We plan to allocate the approximately 3.0 billion yen in investment cash flows we obtained during the current fiscal year to new investments. Through this, we hope to set targets for the next fiscal year that exceed the targets for the final year of the current medium-term plan.
The Marine Business will be the core that supports the recovery of our performance in the next fiscal year. Regarding land-based aquaculture, which is also a sustainable initiative, we produced 300 tonnes in the current fiscal year, which was the first year of production. Our next production target is 3,000 tonnes, but first we will work towards achieving 1,500 tonnes in the next fiscal year. The land-based aquaculture project being implemented in Kyushu is being conducted in collaboration with Kyushu Electric Power Company, Incorporated. The upfront investment of around 10.0 billion yen will be required to achieve the final target of 3,000 tonnes. Nichimo will contribute 40% of this amount, which will be funded by utilizing the financial cash flows and investment cash flows obtained during the current fiscal year. The Nichimo Group’s land-based aquaculture is a pioneer compared to other companies, and we have high expectations of its future development.
A total of 10.0 billion yen in capital investment over the three-year period was planned under the current medium-term plan, and are moving forward with this. Specifically, in addition to commercialization of land-based aquaculture, we envision the practical application of biomass fishing nets, building a system for the stable supply of marine products and new M&As. Regarding the long-term funds related to investments and loans, we have made capital investment and business investment plans and are working to ensure liquidity while comprehensively taking into account market interest rate trends and the repayment schedules for existing long-term borrowings, etc.
We have previously announced net sales of 150.0 billion yen and ordinary profit of 4.5 billion yen as our long-term vision and medium- to long-term management targets. I believe that it will be difficult to achieve these numerical targets simply by expanding our existing businesses. It will be necessary for us to ensure that the new businesses which we are currently working on are placed on track and to acquire new businesses, for example through M&A.
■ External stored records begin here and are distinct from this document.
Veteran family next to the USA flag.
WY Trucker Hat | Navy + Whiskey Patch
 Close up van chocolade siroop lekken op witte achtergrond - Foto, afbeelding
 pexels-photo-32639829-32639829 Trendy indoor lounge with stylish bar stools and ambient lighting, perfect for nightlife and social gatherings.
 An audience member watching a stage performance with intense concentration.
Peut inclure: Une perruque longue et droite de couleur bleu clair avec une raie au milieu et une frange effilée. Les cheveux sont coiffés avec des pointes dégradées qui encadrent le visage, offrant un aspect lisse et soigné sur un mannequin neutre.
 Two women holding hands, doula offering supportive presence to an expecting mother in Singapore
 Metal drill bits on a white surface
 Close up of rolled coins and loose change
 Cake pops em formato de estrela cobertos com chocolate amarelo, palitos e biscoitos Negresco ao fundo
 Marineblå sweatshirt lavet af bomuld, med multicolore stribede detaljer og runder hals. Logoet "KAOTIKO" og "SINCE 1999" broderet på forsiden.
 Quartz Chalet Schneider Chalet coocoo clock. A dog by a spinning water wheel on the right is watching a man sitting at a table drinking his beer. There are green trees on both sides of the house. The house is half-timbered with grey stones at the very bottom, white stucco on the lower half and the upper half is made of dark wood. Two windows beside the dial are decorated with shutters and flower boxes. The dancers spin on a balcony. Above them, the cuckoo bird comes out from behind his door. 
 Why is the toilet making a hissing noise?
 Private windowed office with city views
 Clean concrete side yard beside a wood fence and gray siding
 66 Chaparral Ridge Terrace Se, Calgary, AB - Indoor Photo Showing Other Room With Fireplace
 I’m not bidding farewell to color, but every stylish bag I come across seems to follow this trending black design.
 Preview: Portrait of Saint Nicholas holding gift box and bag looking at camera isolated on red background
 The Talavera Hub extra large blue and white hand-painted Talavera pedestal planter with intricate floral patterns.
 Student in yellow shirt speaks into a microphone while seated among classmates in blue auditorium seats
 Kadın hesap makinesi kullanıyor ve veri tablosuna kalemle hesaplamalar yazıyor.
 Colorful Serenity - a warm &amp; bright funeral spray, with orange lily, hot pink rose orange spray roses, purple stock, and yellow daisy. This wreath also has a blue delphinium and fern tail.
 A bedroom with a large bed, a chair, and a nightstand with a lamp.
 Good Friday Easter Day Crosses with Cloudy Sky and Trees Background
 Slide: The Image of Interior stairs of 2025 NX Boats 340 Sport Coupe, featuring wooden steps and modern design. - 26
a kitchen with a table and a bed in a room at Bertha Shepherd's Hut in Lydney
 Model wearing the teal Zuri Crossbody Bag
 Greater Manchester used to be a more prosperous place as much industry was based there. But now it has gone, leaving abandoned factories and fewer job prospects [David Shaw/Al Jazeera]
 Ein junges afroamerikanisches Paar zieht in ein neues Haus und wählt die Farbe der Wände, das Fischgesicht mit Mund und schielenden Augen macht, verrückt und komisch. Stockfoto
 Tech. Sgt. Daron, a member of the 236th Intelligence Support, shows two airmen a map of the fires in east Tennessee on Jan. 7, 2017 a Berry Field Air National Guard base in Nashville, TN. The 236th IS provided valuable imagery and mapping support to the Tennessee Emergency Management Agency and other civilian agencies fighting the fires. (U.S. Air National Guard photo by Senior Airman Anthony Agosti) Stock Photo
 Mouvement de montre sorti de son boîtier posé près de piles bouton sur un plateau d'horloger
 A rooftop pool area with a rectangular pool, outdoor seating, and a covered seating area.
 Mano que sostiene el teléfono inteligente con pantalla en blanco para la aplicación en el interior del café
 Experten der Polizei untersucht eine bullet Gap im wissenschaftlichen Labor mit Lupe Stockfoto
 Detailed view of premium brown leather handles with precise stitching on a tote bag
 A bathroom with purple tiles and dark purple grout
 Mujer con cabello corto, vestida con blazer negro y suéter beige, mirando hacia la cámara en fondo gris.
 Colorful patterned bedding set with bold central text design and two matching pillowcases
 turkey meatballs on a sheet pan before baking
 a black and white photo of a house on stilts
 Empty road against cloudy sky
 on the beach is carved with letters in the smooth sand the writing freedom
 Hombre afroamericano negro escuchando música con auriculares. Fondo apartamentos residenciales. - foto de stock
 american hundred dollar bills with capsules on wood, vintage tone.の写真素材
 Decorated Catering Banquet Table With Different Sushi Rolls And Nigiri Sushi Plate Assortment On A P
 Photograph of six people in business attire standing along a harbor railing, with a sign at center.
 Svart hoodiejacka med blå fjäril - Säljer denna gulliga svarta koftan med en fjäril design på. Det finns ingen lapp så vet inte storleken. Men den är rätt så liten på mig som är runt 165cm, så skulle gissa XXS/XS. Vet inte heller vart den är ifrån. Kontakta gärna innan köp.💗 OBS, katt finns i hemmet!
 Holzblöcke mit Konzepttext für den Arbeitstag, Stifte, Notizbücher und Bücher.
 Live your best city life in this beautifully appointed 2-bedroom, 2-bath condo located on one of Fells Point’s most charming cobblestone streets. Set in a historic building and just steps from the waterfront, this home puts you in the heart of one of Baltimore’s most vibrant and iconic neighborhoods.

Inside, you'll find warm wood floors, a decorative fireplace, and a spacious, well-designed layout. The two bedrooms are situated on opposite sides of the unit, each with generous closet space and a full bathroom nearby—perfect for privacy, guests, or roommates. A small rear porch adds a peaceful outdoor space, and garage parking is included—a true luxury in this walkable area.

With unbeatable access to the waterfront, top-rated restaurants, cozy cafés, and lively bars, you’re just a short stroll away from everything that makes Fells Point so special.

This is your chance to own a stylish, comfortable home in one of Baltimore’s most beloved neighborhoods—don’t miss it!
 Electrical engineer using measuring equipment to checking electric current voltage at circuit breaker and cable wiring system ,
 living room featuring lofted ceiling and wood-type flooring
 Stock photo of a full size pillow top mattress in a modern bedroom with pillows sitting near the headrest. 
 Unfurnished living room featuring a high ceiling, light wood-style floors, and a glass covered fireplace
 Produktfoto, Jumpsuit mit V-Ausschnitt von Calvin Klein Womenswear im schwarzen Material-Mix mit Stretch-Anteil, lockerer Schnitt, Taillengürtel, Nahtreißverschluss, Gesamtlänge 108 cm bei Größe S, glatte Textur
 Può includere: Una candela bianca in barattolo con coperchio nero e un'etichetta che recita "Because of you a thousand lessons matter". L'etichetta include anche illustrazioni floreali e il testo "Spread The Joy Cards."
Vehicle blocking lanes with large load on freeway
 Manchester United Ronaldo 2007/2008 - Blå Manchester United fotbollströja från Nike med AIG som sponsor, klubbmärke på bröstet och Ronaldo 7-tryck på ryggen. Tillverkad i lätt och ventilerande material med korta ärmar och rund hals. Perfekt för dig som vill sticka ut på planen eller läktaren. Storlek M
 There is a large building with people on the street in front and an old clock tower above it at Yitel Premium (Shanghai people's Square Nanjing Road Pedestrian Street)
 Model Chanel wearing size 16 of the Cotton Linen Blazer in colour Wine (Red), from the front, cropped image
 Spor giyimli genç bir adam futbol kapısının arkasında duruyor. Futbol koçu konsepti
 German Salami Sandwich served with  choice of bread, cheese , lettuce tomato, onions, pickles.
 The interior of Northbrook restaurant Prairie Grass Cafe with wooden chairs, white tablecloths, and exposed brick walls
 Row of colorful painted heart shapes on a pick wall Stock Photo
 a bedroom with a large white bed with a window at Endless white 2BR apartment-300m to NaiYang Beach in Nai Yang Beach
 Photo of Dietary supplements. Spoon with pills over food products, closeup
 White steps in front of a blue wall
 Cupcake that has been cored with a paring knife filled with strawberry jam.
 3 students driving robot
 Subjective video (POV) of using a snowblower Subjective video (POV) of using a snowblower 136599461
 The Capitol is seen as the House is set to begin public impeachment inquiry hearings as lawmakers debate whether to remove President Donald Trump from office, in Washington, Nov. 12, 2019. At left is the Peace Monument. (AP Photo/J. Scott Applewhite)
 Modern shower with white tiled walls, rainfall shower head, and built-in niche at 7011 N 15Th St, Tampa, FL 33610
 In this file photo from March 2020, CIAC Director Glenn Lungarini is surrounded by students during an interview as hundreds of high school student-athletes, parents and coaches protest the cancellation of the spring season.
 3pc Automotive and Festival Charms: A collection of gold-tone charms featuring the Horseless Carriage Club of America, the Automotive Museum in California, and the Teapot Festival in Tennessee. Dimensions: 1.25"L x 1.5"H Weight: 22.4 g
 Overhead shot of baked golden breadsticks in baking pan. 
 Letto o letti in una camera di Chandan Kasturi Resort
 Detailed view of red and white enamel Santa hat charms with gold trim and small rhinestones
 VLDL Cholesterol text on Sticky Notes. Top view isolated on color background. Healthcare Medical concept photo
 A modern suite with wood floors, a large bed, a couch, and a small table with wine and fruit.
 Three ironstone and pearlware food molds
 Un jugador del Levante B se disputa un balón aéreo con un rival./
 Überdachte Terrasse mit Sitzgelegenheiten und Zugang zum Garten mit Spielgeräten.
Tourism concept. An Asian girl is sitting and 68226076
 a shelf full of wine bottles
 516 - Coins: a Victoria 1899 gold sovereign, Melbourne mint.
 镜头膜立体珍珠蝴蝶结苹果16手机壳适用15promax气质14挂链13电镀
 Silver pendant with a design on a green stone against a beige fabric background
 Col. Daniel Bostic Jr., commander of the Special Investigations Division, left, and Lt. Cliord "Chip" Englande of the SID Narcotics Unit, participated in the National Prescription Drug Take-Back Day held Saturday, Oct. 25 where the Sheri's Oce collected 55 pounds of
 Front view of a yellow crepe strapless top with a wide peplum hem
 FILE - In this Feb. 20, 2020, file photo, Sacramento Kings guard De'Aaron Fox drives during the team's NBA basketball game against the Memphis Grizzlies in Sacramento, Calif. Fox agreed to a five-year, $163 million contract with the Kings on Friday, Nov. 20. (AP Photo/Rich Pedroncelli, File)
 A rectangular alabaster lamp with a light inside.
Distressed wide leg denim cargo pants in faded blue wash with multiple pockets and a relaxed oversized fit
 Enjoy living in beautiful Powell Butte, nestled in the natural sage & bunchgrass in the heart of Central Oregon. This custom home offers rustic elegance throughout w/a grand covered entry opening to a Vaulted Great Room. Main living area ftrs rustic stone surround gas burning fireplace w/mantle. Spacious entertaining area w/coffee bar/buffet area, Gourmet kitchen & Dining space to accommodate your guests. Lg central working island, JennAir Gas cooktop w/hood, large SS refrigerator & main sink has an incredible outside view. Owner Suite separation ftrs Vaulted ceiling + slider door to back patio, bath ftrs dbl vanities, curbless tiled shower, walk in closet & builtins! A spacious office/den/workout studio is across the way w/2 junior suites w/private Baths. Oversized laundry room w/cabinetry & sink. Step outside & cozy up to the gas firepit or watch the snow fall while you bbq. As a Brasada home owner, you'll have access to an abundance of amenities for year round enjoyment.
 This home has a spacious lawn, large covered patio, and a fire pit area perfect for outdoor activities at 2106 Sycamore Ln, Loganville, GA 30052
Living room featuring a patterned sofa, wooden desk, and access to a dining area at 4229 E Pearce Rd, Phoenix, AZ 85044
By business segment, the Food Business is often influenced by the market conditions for raw materials, so the challenge is to establish a profit structure that is less susceptible to market conditions. Specifically, this means increasing the amount of processed foods.
In the Marine Business, we will continue to advance our existing initiatives. As global warming progresses, we predict that we will no longer be able to catch fish in abundance as we did in the past, and therefore it is necessary to proceed with research and development into aquaculture, environmentally friendly materials, and labor-saving ship operations.
The Machinery Business is a field in which growth is expected. We need to increase exports overseas in order to grow further. For this, we will pursue the possibilities for overseas expansion, including finding sales partners overseas.
To support these developments, we believe it is essential to secure operating cash flow during the term of the current medium-term plan, and our urgent task is to increase corporate value and shareholder value by further expanding cash flows and improving capital efficiency.
The Nichimo Group continues to make unending efforts to increase its corporate value, including the implementation of the next medium-term plan. As an officer in charge, I will continue to proceed with reforms without ever letting up.
Please look forward to the future of the Nichimo Group.